RL Data Preparation#

Data preparation for the RL pipeline downloads nvidia/Nemotron-3-Super-RL-Training-Blends from HuggingFace, resolves placeholder entries by fetching from external datasets (DAPO, Skywork), and produces 6 data blends with train/val splits.


Pipeline#

        %%{init: {'theme': 'base', 'themeVariables': { 'primaryBorderColor': '#333333', 'lineColor': '#333333', 'primaryTextColor': '#333333'}}}%%
flowchart LR
    subgraph prep["Data Preparation"]
        direction LR
        hf["HuggingFace<br/>Dataset"] --> resolve["Placeholder<br/>Resolution"]
        resolve --> jsonl["JSONL<br/>Format"]
        jsonl --> split["Train/Val<br/>Split"]
    end
    split --> blends["6 Data<br/>Blends"]

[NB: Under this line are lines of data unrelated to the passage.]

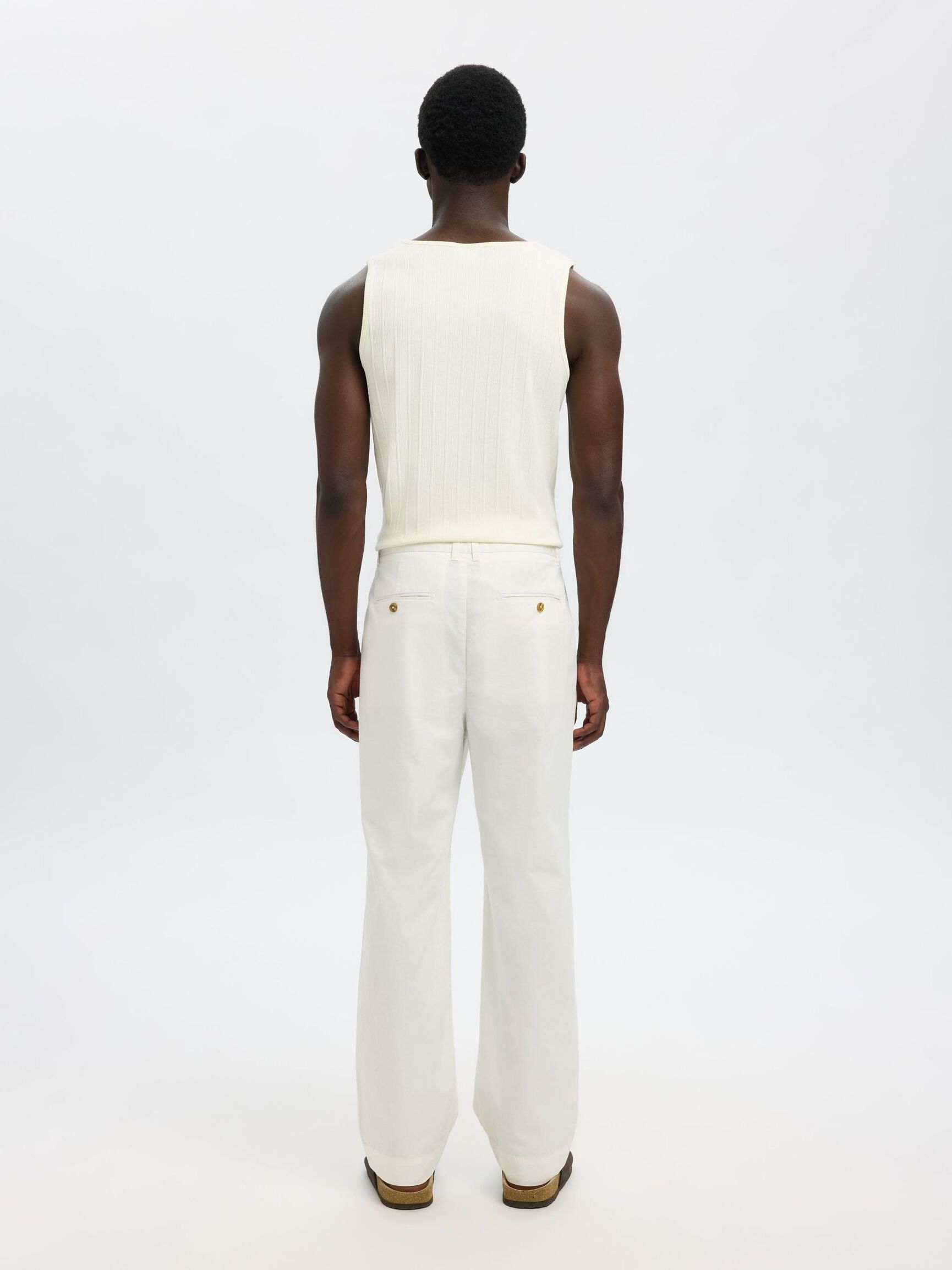 BUNDFALTEN LOOSE FIT HOSEN, Cloud Dancer, highres
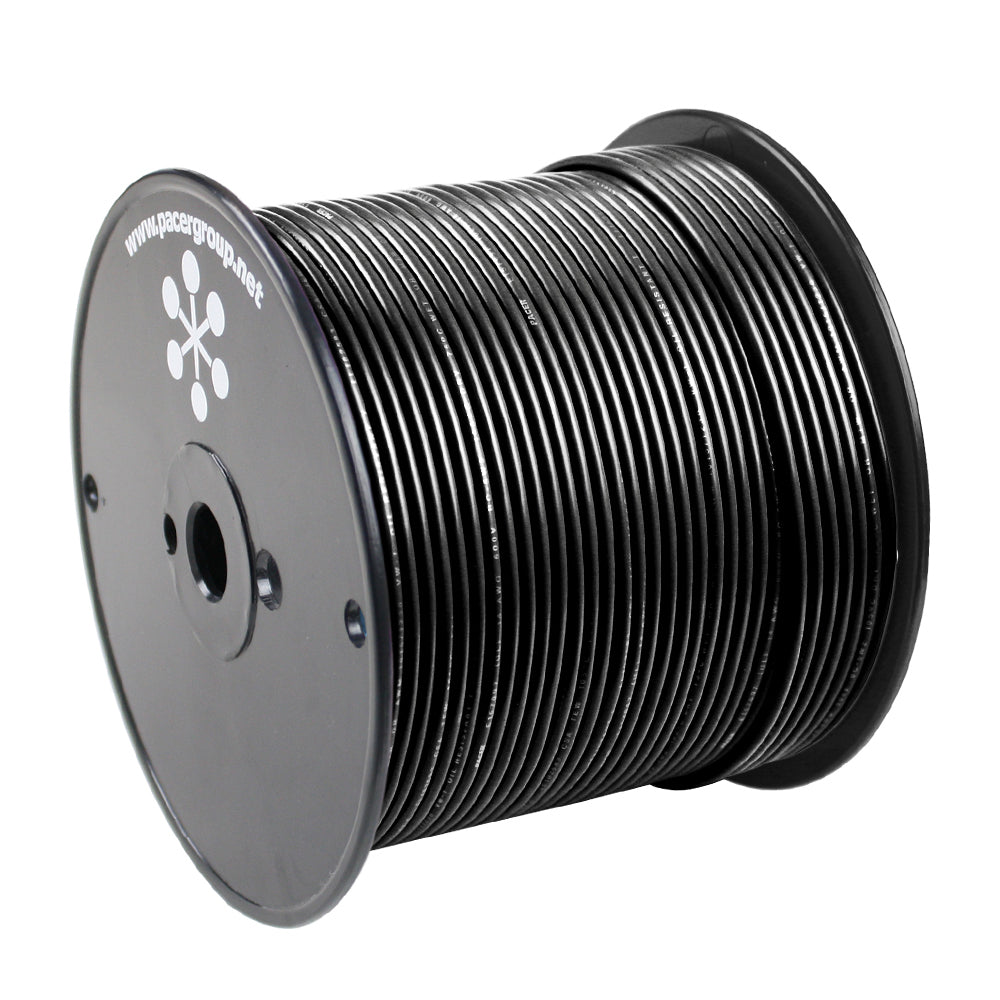Pacer Black 16 AWG Marine Primary Wire - 500 Feet
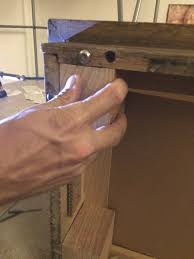 Nightstand shaped around a brilliant piece of wood. How To Add Legs To Furniture Thirty Eighth Street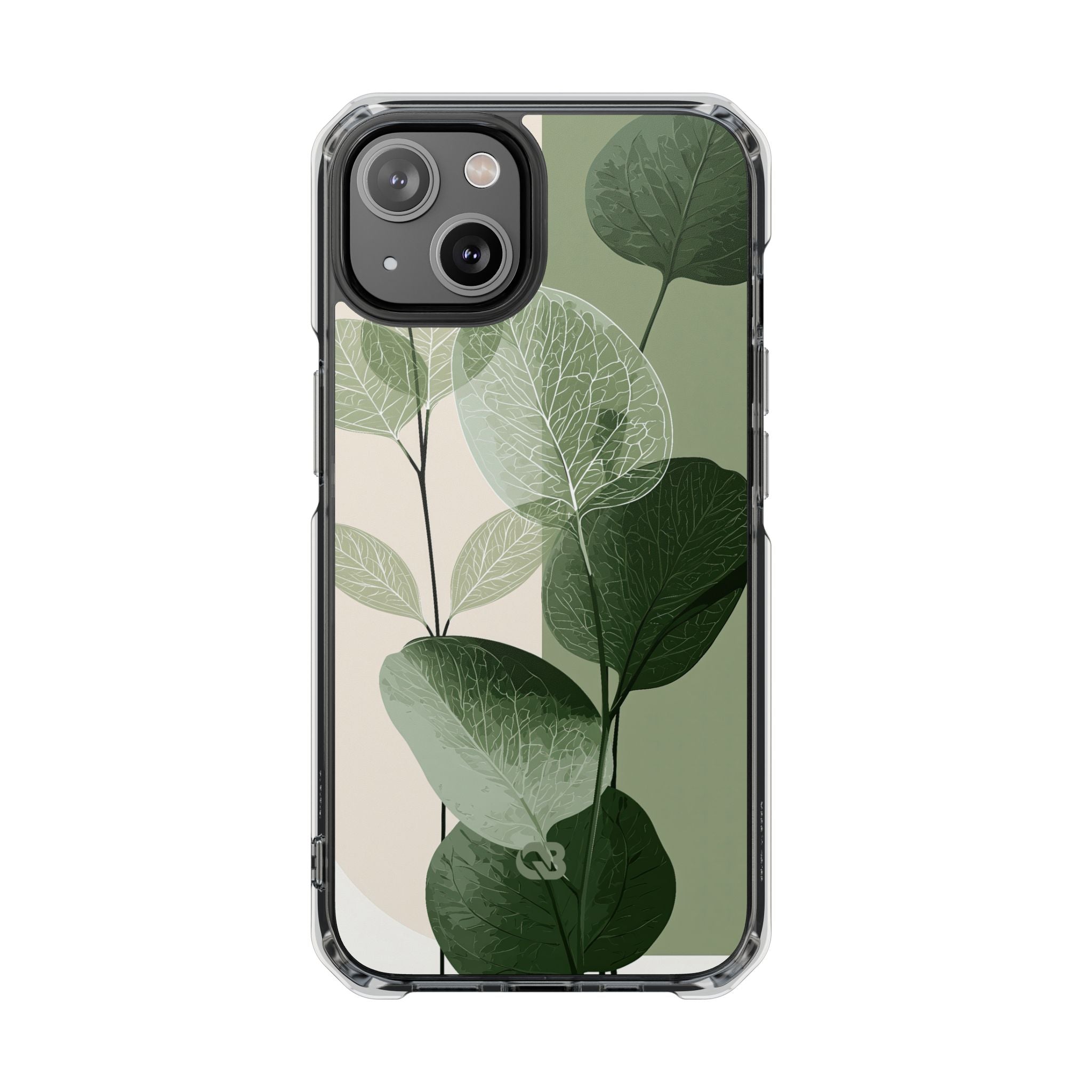 Green Impact MagSafe Phone Case for iPhone - Sage Leaf Skeletals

    style hf fill:#e1f5fe,stroke:#2196f3
    style resolve fill:#e1f5fe,stroke:#2196f3
    style jsonl fill:#f3e5f5,stroke:#9c27b0
    style split fill:#f3e5f5,stroke:#9c27b0
    style blends fill:#e8f5e9,stroke:#4caf50
    

Stage

What Happens

HuggingFace Dataset

Download nvidia/Nemotron-3-Super-RL-Training-Blends (6 blend files)

Placeholder Resolution

Resolve _hf_placeholder records by fetching from external datasets (DAPO, Skywork) and applying template restoration

JSONL Format

Convert to JSONL with question, expected_answer, and responses_create_params fields

Train/Val Split

Last 100 rows held out for validation per blend

6 Data Blends

rlvr1/, rlvr2/, rlvr3/, swe1/, swe2/, rlhf/ — each with train-split.jsonl + val-split.jsonl


Quick Start (Standalone)#

The simplest way to prepare data is using the upstream script directly:

# Download RL data blends
uvx --from huggingface-hub hf download nvidia/Nemotron-3-Super-RL-Training-Blends \
    --repo-type dataset --local-dir=data_with_placeholders

# Fill in placeholders
chmod +x data_with_placeholders/fill_placeholders.py
./data_with_placeholders/fill_placeholders.py \
    --input-dir data_with_placeholders --output-dir data_filled

# Create train/val splits (last 100 rows held out for validation)
for f in data_filled/*.jsonl; do
  name=$(basename "$f" .jsonl)
  mkdir -p "data/$name"
  head -n -100 "$f" > "data/$name/train-split.jsonl"
  tail -n 100 "$f" > "data/$name/val-split.jsonl"
done

Nemotron CLI (with xenna pipeline)#

Alternatively, use the Nemotron CLI which runs the xenna pipeline with Ray for distributed processing and W&B artifact tracking:

# Prepare data for each sub-stage
uv run nemotron super3 data prep rl rlvr --run YOUR-CLUSTER
uv run nemotron super3 data prep rl swe1 --run YOUR-CLUSTER
uv run nemotron super3 data prep rl swe2 --run YOUR-CLUSTER
uv run nemotron super3 data prep rl rlhf --run YOUR-CLUSTER

Each sub-stage has its own data prep command because the data blends differ (RLVR uses HF placeholder resolution, while SWE/RLHF use direct JSONL splitting).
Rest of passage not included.